> [Brief]: Lines before the one containing "An 18ct matt" are not wanted; restate the rest below word for word, through the last line, but drop any pictures.

Provided material Start Marker

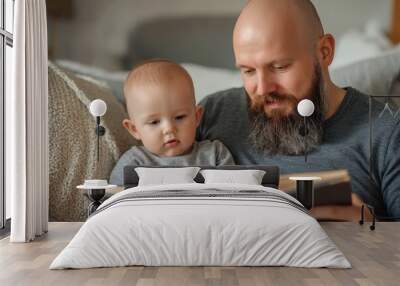 Dad Reading: Adult Male Reading Book to Baby Boy in Living Room Bonding Moment Wall mural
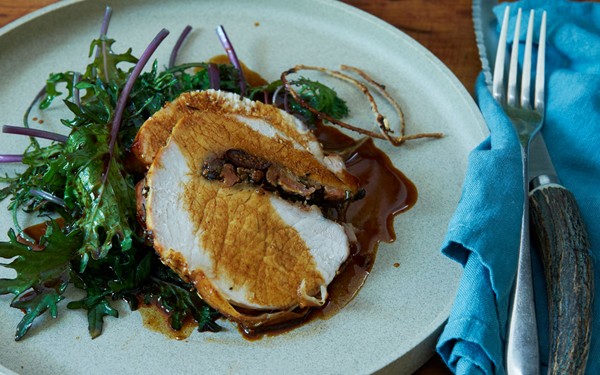 Roast pork loin with sausage, figs, and fresh herbs
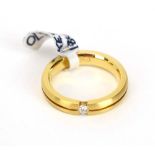 An 18ct matt yellow gold band ring set small brilliant cut diamond within a tension setting, band w.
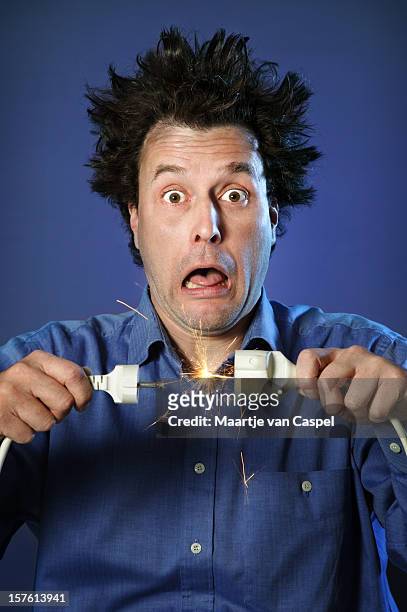 shocked man on blue - sparks - electrical shock stock pictures, royalty-free photos & images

Provided material End Marker

> [Solution for this problem]:
 An 18ct matt yellow gold band ring set small brilliant cut diamond within a tension setting, band w.
 shocked man on blue - sparks - electrical shock stock pictures, royalty-free photos & images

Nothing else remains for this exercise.